An MCP server (spec 2025-11-25) for SEC EDGAR + FRED + Polygon.io with OAuth 2.1, a citation-grounded 10-K extractor powered by Claude Sonnet 4.5, and an MCP Apps inline UI for the extracted summary.

Anchor audience: Anthropic Forward Deployed Engineering, Bridgewater / Citadel / Anthropic Finance teams.

CI Eval (nightly) Python License

This repo is project P1 of a 9-project portfolio sprint running May 18 – June 21, 2026.

Why this exists

Financial-services AI work consistently fails the same audit checklist:

  1. The agent answered with a number, but the citation pointed at the wrong filing.
  2. The agent dropped a fact silently when the source didn't support it.
  3. The MCP integration didn't validate JWT scopes per request.
  4. The eval harness wasn't deterministic, so the regression yesterday is indistinguishable from a flaky judge today.
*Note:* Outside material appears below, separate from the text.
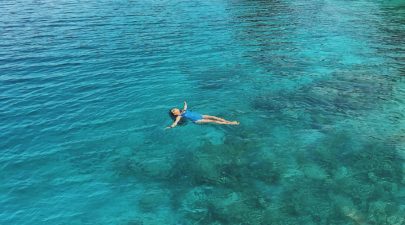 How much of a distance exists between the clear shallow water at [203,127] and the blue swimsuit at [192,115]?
1.42m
Every one of these is a hard constraint in this repo, enforced in CI.

Architecture

flowchart LR
    Client["MCP Client (Claude Desktop / Cursor / Goose)"] -->|"OAuth 2.1 + PKCE"| Server[FastMCP Server]
    Server --> EDGAR[EDGAR async client]
    Server --> FRED[FRED async client]
    Server --> Polygon[Polygon.io async client]
    Server --> Extractor["10-K Extractor (Claude Sonnet 4.5 + Citations)"]
    Server --> Apps["MCP Apps inline UI"]
    EDGAR --> Cache[(Postgres response cache 24h TTL)]
    FRED --> Cache
    Polygon --> Cache
    Extractor --> Cache
    Server --> Evals["evals/harness.py (JSONL runs)"]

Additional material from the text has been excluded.